Inspired by the news last week that former England and Arsenal defender Tony Adams has accepted an offer to oversee Gabala FC (a hitherto unknown Azerbaijani club currently ranked 6th out of 12 in the Azeri league tables), Esquire has compiled a list of the oddest football management signings in recent times…
1. Luize Felipe Scolari
The hot-tempered Brazilian and Super Mario clone forged a successful career off the back of his emotional managerial style. We can thus only assume he was thinking with his heart when, in 2009, he signed a deal to manage obscure Uzbek team FC Bunyodkor for the token sum of €13 million.
2. Egil Olsen
Despite proving to be a supremely prosperous manager for Norway, Olsen’s scientific approach to the game did not mesh well abroad. After being sacked from Wimbledon (where his defence-based approach was about as popular as Vinnie Jones’ impromptu hernia test), he eventually resurfaced in Iraq, where his aborted tenure saw him lead the national team to new heights of mediocrity (two wins, one loss, three draws). Today, he’s back in his happy place, overseeing the Norway national side - albeit in a caretaker capacity.
3. Claude Anelka
Football managing is a demanding job, and one that requires a passion for the game. And nothing quite says “I’m passionate about football” like offering teams money for your services. £300,000, to be precise.

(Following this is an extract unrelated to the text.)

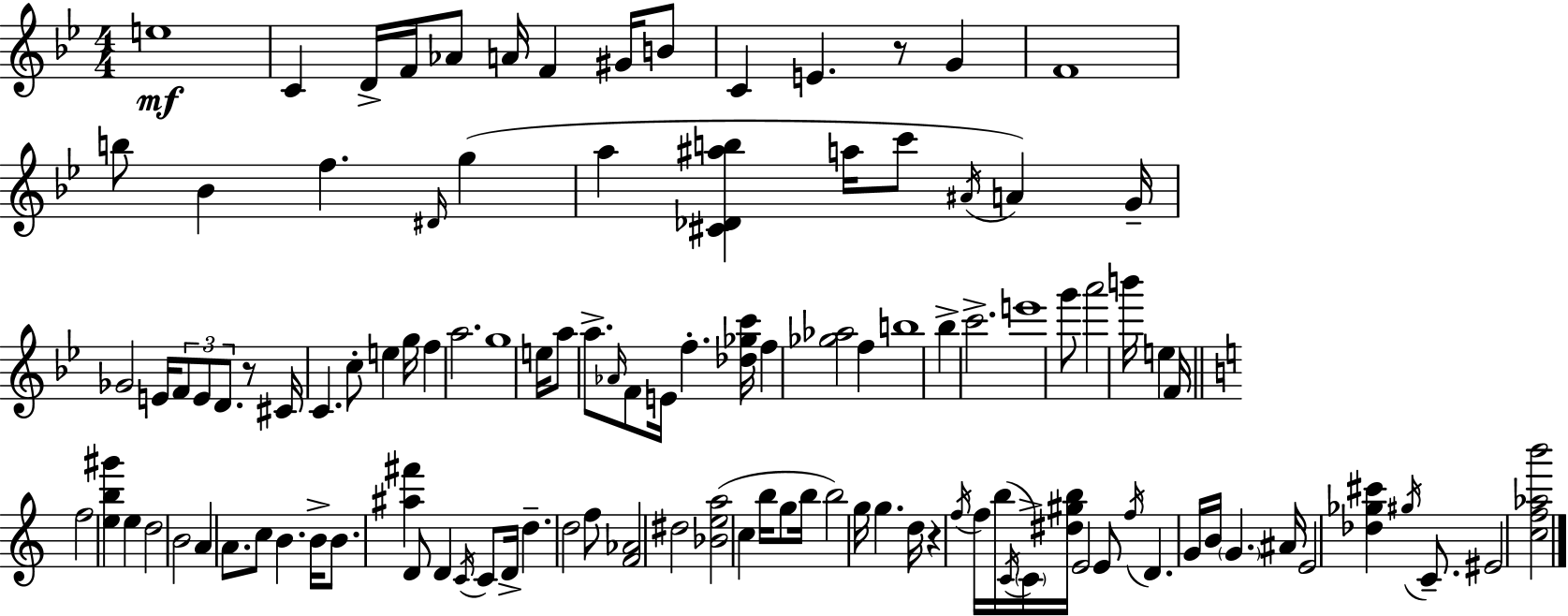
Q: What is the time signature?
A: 4/4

That’s what erstwhile DJ and agent Claude Anelka (elder sibling of dove-fingered Chelsea striker Nicolas) did in order to become manager of Scottish First Division team Raith Rovers. After leading Raith to an inspirational 7 losses and 1 draw, Anelka’s passion strangely waned and he resigned. Though, much to the horror of supporters and staff, he would stay on in the dubious capacity of “Director of Football”.
4. Peter Reid
Following a successful career as a midfield enforcer for Bolton, Everton and Manchester City, Reid moved into managing. Following tenures at Leeds United and Coventry City, Reid took a slight sidestep and spent 2008-2009 managing Thailand’s national team. Referring to his players by their numbers rather than their names, Reid enthused that “this is pure football and I love it”, before promptly leaving for an assistant position at Stoke City.
5. Claude Anelka
Yes, Anelka succeeds in appearing twice on this list by dint of his subsequent move to the USA. After tiring of the perennial charms of “The Lang Toun”, Claude shifted his sights to the USSF Division 2 Professional League and debutant outfit AC St Louis, immediately impressing his new employers by admitting he knew little about the American game or its players. When his side recently turned out against the Carolina Railhawks, Anelka debuted a state-of-the-art formation comprising just 10 players. It’s hard to decide which is the more surprising: that his team only lost 2 – 0, or the fact he’s still in charge today.